Copy out the data word for word. The images are not part of the copy.

━━━━━ INPUT DATA

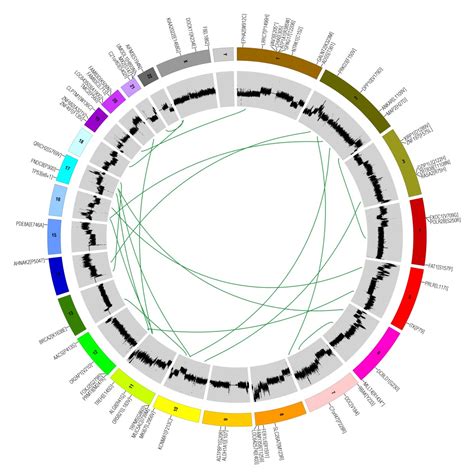 Cancer Genome Atlas Discovers Genomic Changes In Most Common Lung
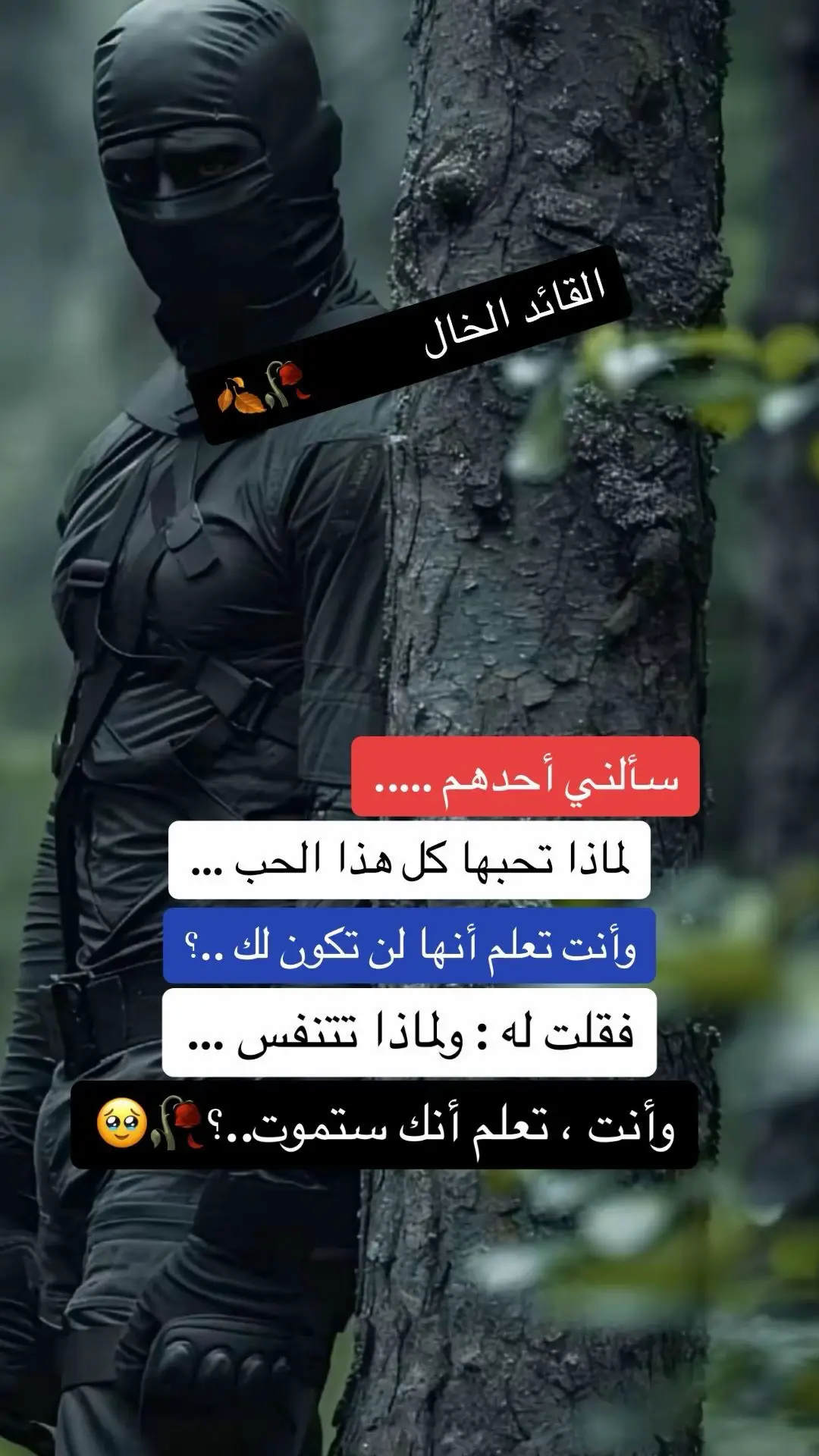 #في هذا اليوم #هكذا كان ردي على شخص ما 🥀😔 #fypシ゚viral #fypage #الخال💔 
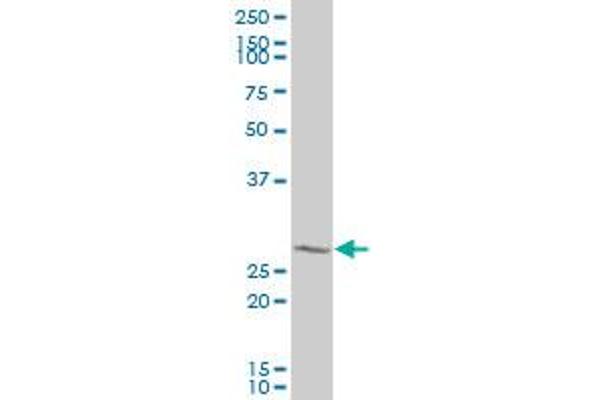 GTF2H3 antibody  (AA 1-110)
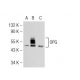 OPG/Osteoprotegerin Antibody (4H219) - Western Blotting - Image 126581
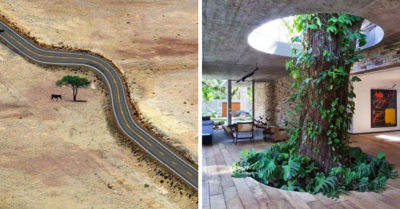 20 increíbles imágenes que muestran la importancia de convivir con la naturaleza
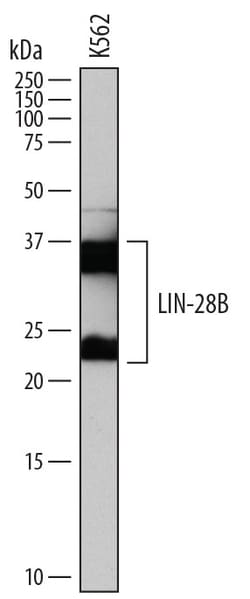 Human LIN-28B Antibody, R D Systems 100&mu;g; Unlabeled:Antibodies, Polyclonal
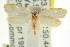  ( - CCDB-15778-F09)  @11 [ ] CreativeCommons - Attribution (2011) ANIC/CBG Photography Group Centre for Biodiversity Genomics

━━━━━━━━━━

*WRITTEN ANSWER*.
 Cancer Genome Atlas Discovers Genomic Changes In Most Common Lung
 #في هذا اليوم #هكذا كان ردي على شخص ما 🥀😔 #fypシ゚viral #fypage #الخال💔 
 GTF2H3 antibody  (AA 1-110)
 OPG/Osteoprotegerin Antibody (4H219) - Western Blotting - Image 126581
 20 increíbles imágenes que muestran la importancia de convivir con la naturaleza
 Human LIN-28B Antibody, R D Systems 100&mu;g; Unlabeled:Antibodies, Polyclonal
  ( - CCDB-15778-F09)  @11 [ ] CreativeCommons - Attribution (2011) ANIC/CBG Photography Group Centre for Biodiversity Genomics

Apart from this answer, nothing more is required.